8

I try to join two csv files where key is value of first column. There's no header.
Files have different number of lines and rows.
Order of file a must be preserved.

file a:

john,red,34
andrew,green,18
tonny,black,50
jack,yellow,27
phill,orange,45
kurt,blue,29
mike,pink,61

file b:

tonny,driver,new york
phill,scientist,boston

desired result:

john,red,34
andrew,green,18
tonny,black,50,driver,new york
jack,yellow,27
phill,orange,45,scientist,boston
kurt,blue,29
mike,pink,61

I examined all related threads and I am sure that some of you are gonna mark this question duplicate but I simply have not found solution yet.
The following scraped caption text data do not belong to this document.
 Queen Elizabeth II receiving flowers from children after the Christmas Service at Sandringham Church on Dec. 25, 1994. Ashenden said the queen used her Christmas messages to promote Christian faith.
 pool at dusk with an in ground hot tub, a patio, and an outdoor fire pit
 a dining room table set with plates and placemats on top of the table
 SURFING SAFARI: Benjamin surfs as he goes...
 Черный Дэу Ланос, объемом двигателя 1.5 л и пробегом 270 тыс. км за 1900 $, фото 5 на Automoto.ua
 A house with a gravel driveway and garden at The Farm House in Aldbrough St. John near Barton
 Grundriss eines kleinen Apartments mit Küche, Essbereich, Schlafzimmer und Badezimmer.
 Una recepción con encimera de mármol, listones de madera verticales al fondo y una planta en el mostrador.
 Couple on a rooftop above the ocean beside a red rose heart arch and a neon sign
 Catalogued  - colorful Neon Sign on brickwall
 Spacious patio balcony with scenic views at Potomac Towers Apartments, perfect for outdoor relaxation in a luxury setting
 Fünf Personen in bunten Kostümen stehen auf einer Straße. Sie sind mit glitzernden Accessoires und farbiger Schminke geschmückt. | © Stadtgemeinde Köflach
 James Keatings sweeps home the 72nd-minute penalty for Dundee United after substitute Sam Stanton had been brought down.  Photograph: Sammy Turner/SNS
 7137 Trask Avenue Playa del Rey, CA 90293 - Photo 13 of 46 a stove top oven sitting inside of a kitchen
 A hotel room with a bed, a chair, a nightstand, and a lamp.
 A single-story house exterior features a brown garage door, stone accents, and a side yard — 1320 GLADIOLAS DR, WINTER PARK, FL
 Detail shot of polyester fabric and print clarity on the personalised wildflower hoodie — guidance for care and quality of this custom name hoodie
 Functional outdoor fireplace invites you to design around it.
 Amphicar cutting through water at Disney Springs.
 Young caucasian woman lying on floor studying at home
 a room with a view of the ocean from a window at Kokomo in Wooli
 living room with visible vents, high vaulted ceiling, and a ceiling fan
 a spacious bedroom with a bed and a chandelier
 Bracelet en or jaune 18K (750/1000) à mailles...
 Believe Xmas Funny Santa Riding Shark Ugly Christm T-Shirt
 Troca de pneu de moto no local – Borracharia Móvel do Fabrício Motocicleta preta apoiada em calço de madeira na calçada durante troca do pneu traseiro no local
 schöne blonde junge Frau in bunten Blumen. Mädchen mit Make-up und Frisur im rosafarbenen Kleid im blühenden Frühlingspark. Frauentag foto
I grabbed dictionary based solution but this approach does not handle preserve line order from file 'a' condition.

import csv
from collections import defaultdict

with open('a.csv') as f:
    r = csv.reader(f, delimiter=',')
    dict1 = {}
    for row in r:
        dict1.update({row[0]: row[1:]})

with open('b.csv') as f:
    r = csv.reader(f, delimiter=',')
    dict2 = {}
    for row in r:
        dict2.update({row[0]: row[1:]})

result = defaultdict(list)

for d in (dict1, dict2):
    for key, value in d.iteritems():
        result[key].append(value)

I also would like to avoid putting these csv files to the database like sqlite or using pandas module.

Thanks in advance

daikini
  • 1,307
  • 6
  • 23
  • 36

1 Answers1

6

Something like

import csv
from collections import OrderedDict

with open('b.csv', 'rb') as f:
    r = csv.reader(f)
    dict2 = {row[0]: row[1:] for row in r}

with open('a.csv', 'rb') as f:
    r = csv.reader(f)
    dict1 = OrderedDict((row[0], row[1:]) for row in r)

result = OrderedDict()
for d in (dict1, dict2):
    for key, value in d.iteritems():
        result.setdefault(key, []).extend(value)

with open('ab_combined.csv', 'wb') as f:
    w = csv.writer(f)
    for key, value in result.iteritems():
        w.writerow([key] + value)

produces

john,red,34
andrew,green,18
tonny,black,50,driver,new york
jack,yellow,27
phill,orange,45,scientist,boston
kurt,blue,29
mike,pink,61

(Note that I didn't bother protecting against the case where dict2 has a key which isn't in dict1-- that's easily added if you like.)

DSM
  • 342,061
  • 65
  • 592
  • 494